* Prompt *
What you return should be the complete data below, word for word, with no pictures in it.

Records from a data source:
___

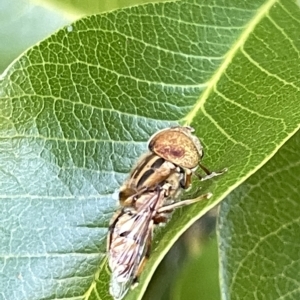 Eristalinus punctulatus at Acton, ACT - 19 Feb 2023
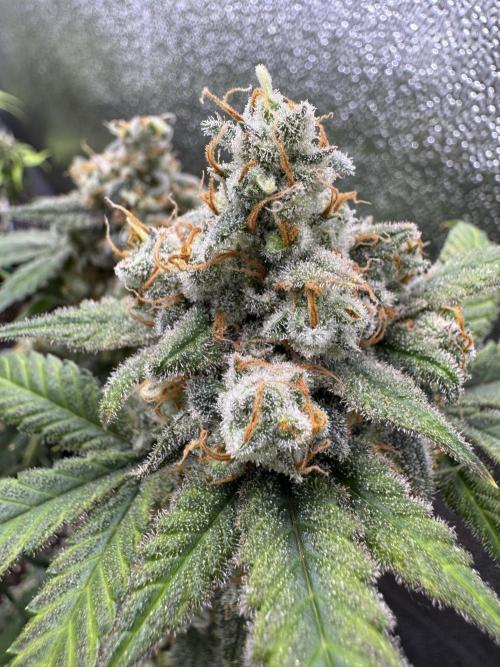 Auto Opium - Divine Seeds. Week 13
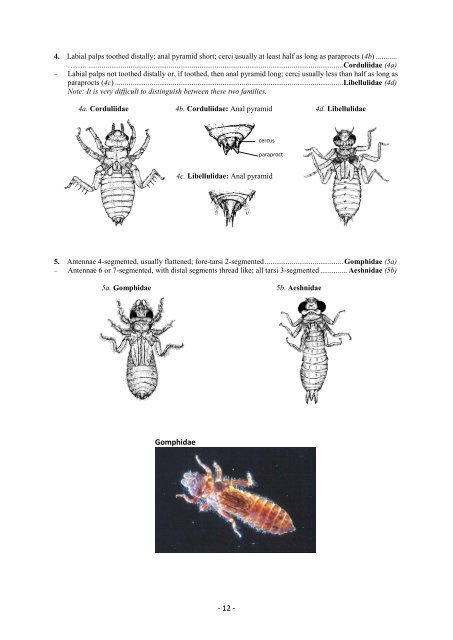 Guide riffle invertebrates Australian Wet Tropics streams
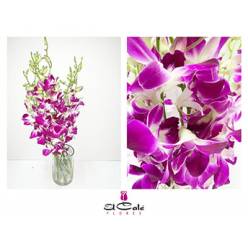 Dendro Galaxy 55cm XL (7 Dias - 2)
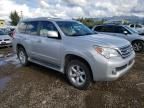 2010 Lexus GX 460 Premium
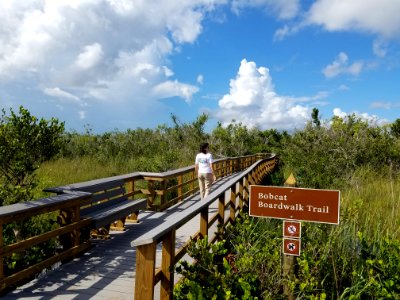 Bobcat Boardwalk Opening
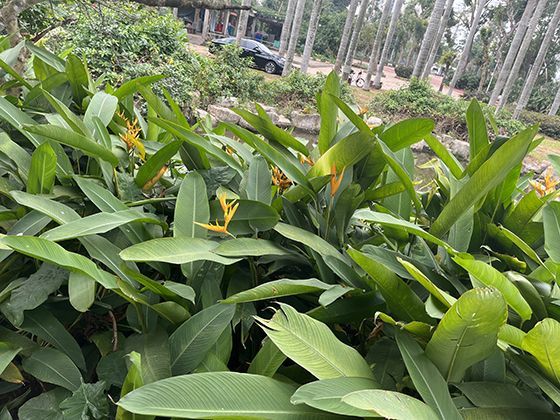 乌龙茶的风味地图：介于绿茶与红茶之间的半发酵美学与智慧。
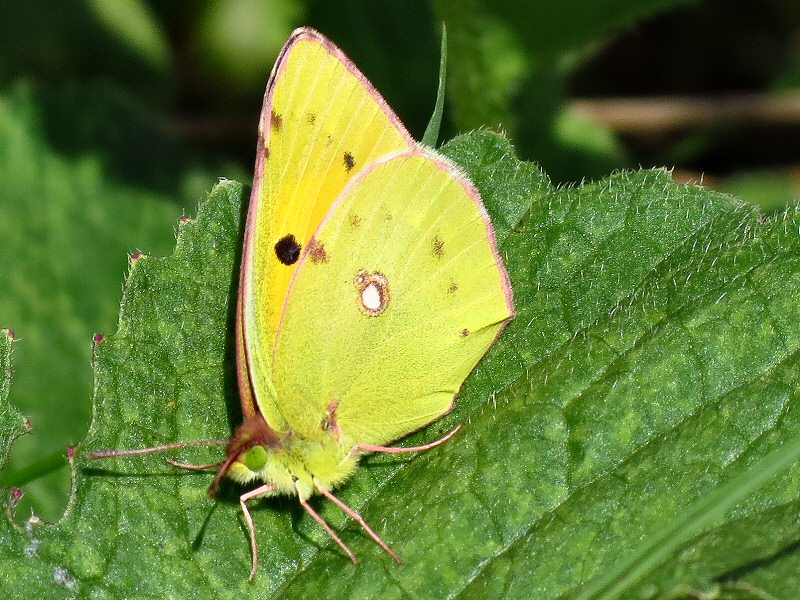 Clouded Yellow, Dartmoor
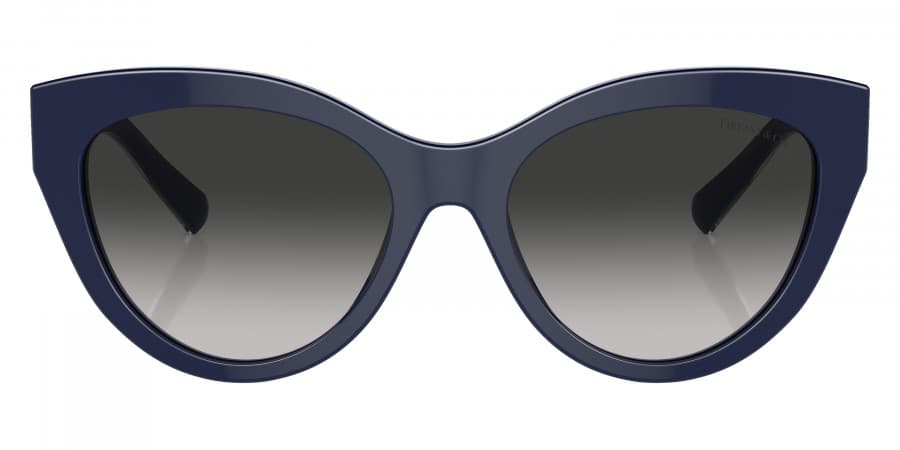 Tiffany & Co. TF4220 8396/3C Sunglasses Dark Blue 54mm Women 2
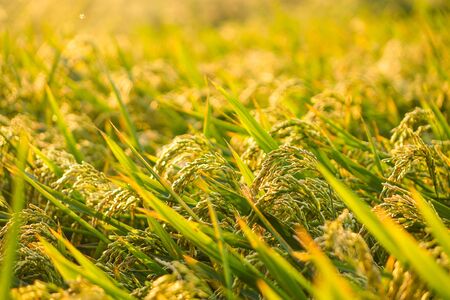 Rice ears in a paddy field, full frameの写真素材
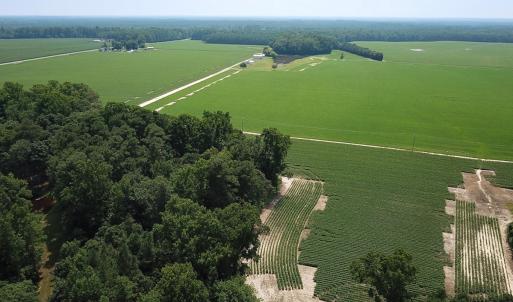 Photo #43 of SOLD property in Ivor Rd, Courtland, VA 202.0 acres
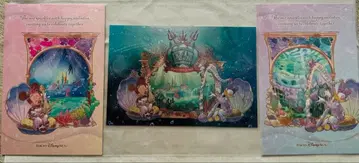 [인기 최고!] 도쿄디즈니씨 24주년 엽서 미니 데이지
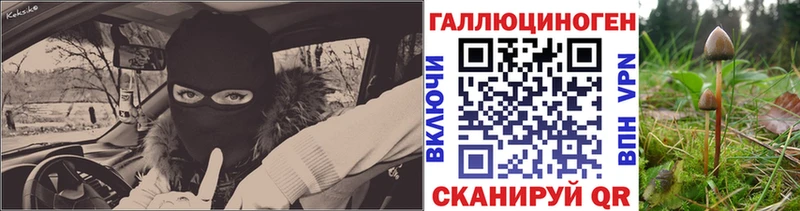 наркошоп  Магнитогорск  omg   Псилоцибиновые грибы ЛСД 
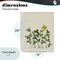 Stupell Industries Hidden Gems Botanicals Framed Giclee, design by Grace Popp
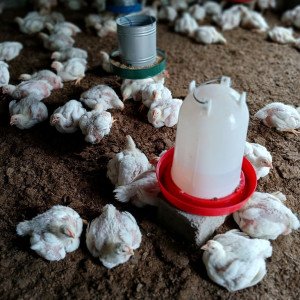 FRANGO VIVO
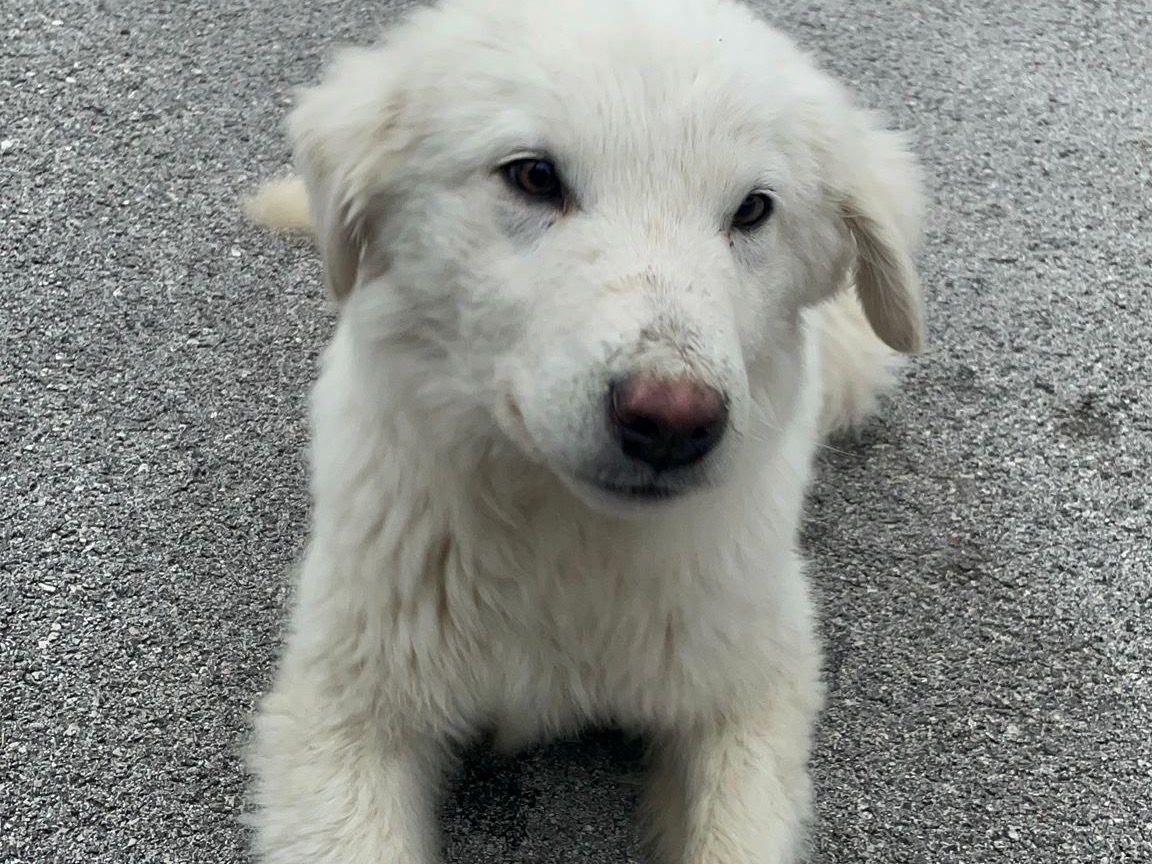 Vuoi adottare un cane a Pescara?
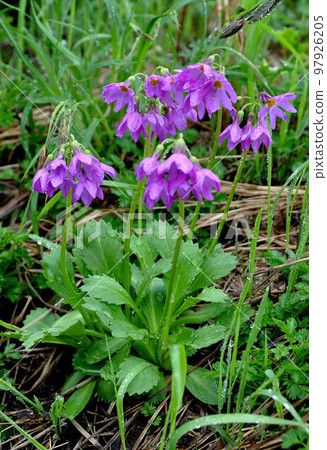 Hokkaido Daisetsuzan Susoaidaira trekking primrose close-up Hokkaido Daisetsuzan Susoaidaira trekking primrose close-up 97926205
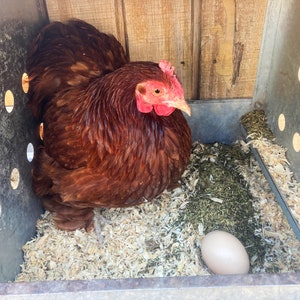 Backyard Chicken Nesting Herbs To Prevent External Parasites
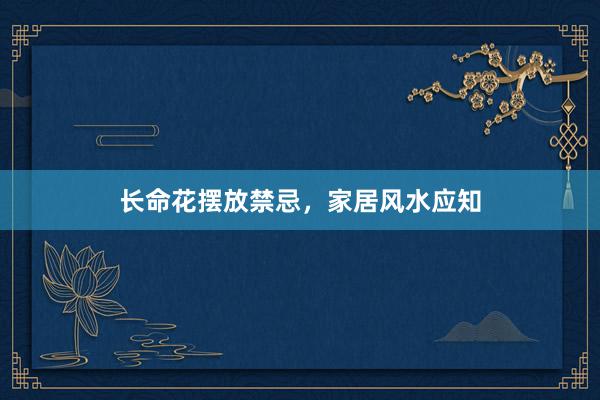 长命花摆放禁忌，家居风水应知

___

* Solution below *
 Eristalinus punctulatus at Acton, ACT - 19 Feb 2023
 Auto Opium - Divine Seeds. Week 13
 Guide riffle invertebrates Australian Wet Tropics streams
 Dendro Galaxy 55cm XL (7 Dias - 2)
 2010 Lexus GX 460 Premium
 Bobcat Boardwalk Opening
 乌龙茶的风味地图：介于绿茶与红茶之间的半发酵美学与智慧。
 Clouded Yellow, Dartmoor
 Tiffany & Co. TF4220 8396/3C Sunglasses Dark Blue 54mm Women 2
 Rice ears in a paddy field, full frameの写真素材
 Photo #43 of SOLD property in Ivor Rd, Courtland, VA 202.0 acres
 [인기 최고!] 도쿄디즈니씨 24주년 엽서 미니 데이지
 наркошоп  Магнитогорск  omg   Псилоцибиновые грибы ЛСД 
 Stupell Industries Hidden Gems Botanicals Framed Giclee, design by Grace Popp
 FRANGO VIVO
 Vuoi adottare un cane a Pescara?
 Hokkaido Daisetsuzan Susoaidaira trekking primrose close-up Hokkaido Daisetsuzan Susoaidaira trekking primrose close-up 97926205
 Backyard Chicken Nesting Herbs To Prevent External Parasites
 长命花摆放禁忌，家居风水应知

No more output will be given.